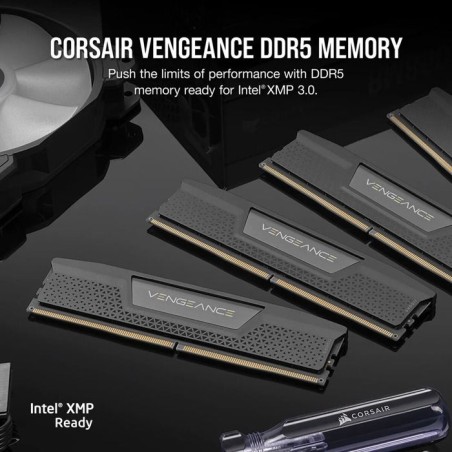 Barrette mémoire - CORSAIR - Vengeance CMK16GX5M2B5600Z40 - 16 Go (2x8 Go) - DDR5 - 5600 MHz - CAS 40 - Gris - XMP - EXPO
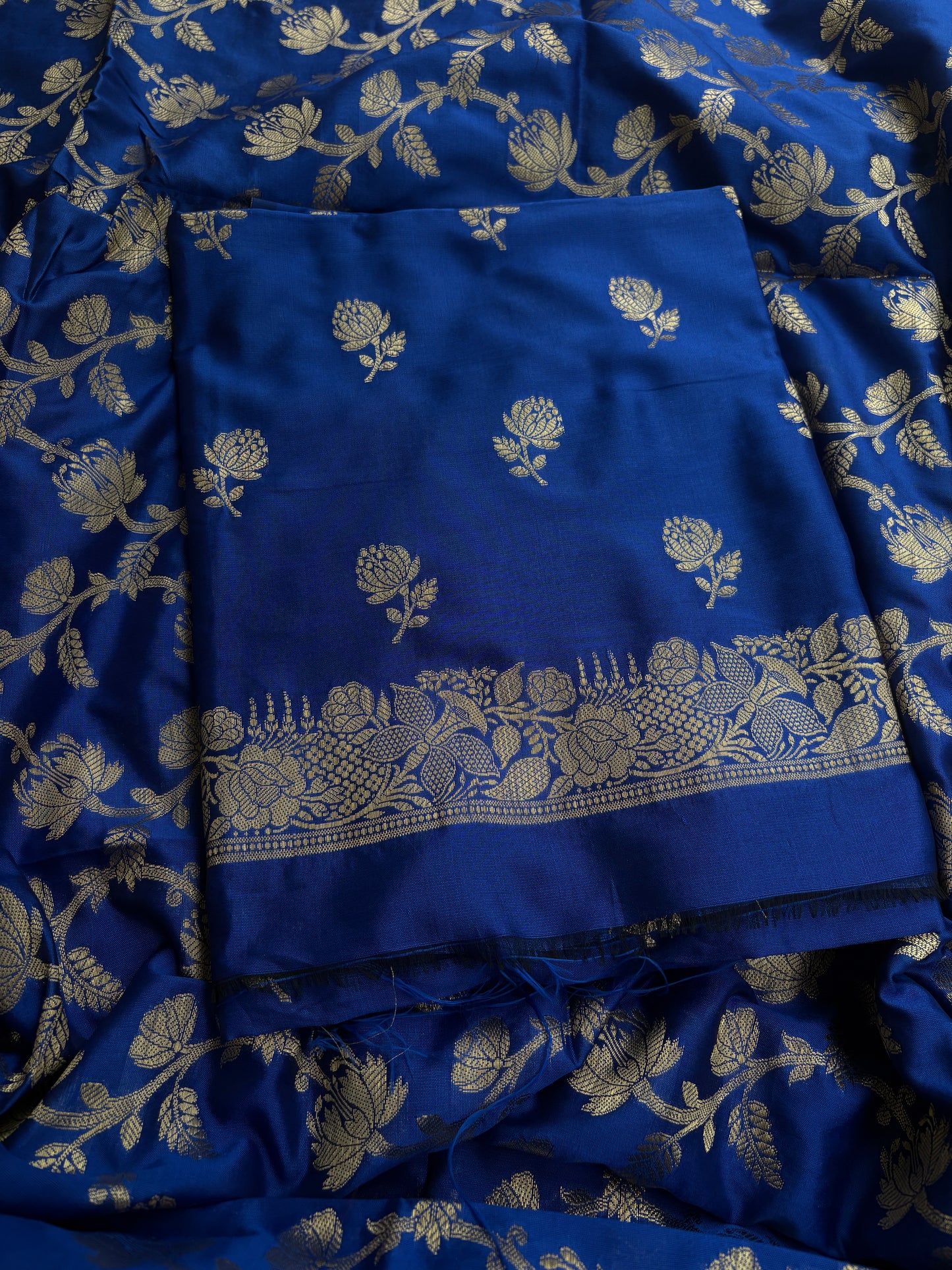 Blue premium Banarasi 3 piece suit set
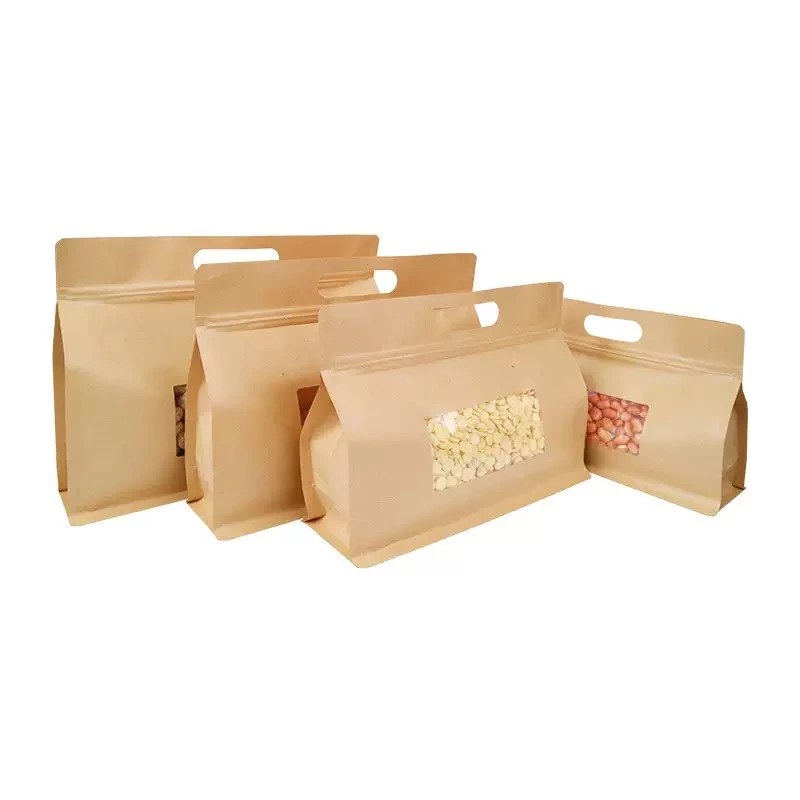 

50pcs Kraft Paper Octagon Food Packaging Zipper Bags with Handle Window Sealed Candy for Tea Nuts Dried Fruit Storage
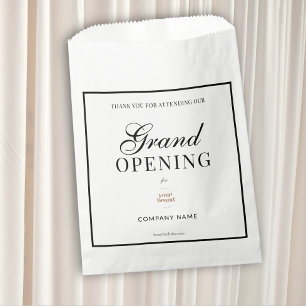 Black Frame Script Business Logo Grand Opening  Favour Bags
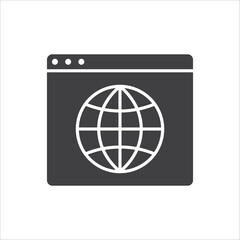 Web icon. Global network icon. Website vector icon. Site flat sign design. Www symbol pictogram. Www icon. UX UI icon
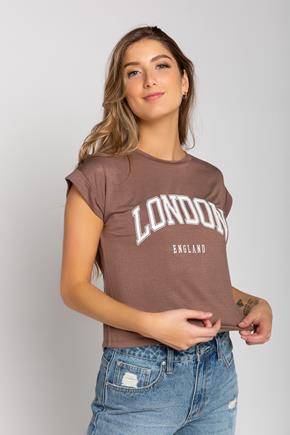 T-shirt écourté à imprimé "London"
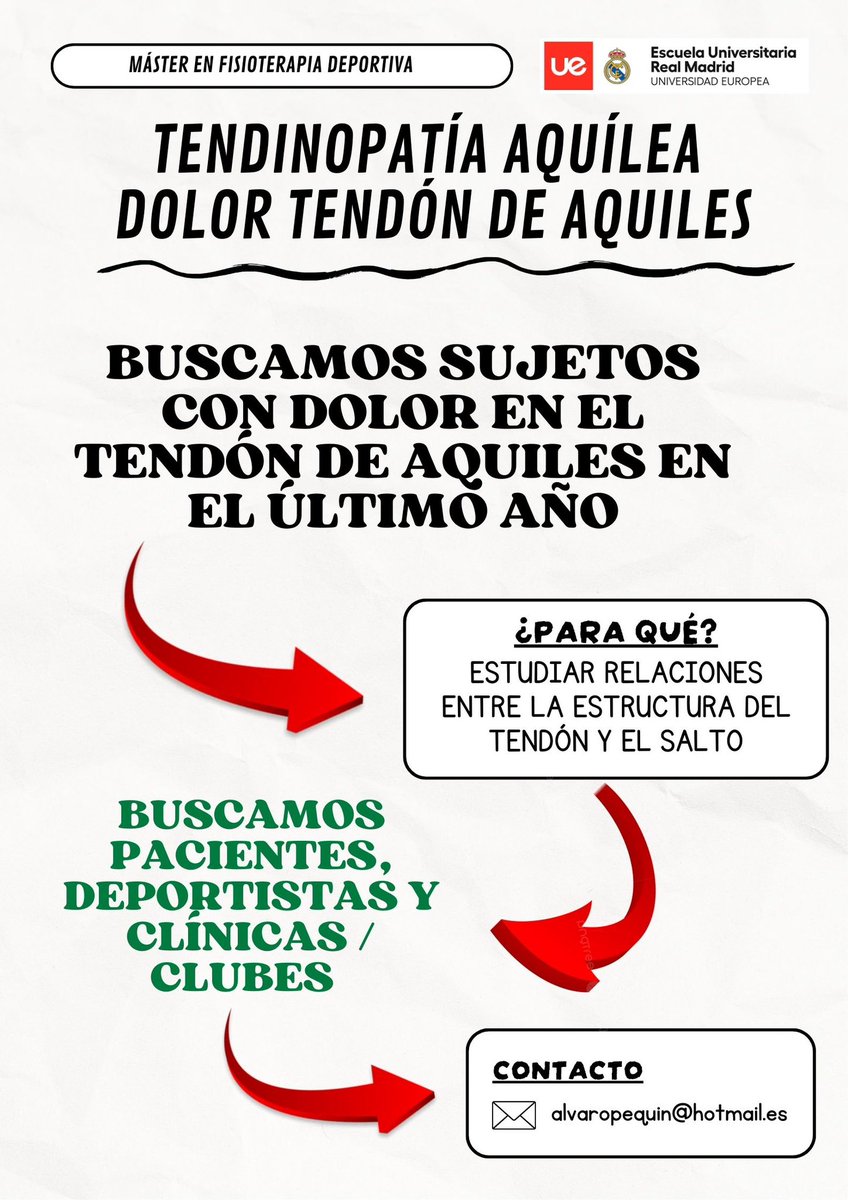 Hola <a href="/Hardcorcon/">Hardcorcón</a> estamos buscando personas que hayan tenido dolor en el tendón de Aquiles para nuestro Trabajo Fin de Master. Si puedes darle difusión por si algún gimnasio / club / box de CrossFit lo ve y puede ayudarnos. También nos valen pacientes de manera individual. Gracias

• _Activity_
Both boundary lines included, write out word for word only the lines above from the one containing "Blue premium Banarasi 3 piece suit set" to the one containing "T-shirt écourté à", leaving out any pictures.

• _Reply_
 Blue premium Banarasi 3 piece suit set

50pcs Kraft Paper Octagon Food Packaging Zipper Bags with Handle Window Sealed Candy for Tea Nuts Dried Fruit Storage
 Black Frame Script Business Logo Grand Opening  Favour Bags
 Web icon. Global network icon. Website vector icon. Site flat sign design. Www symbol pictogram. Www icon. UX UI icon
 T-shirt écourté à imprimé "London"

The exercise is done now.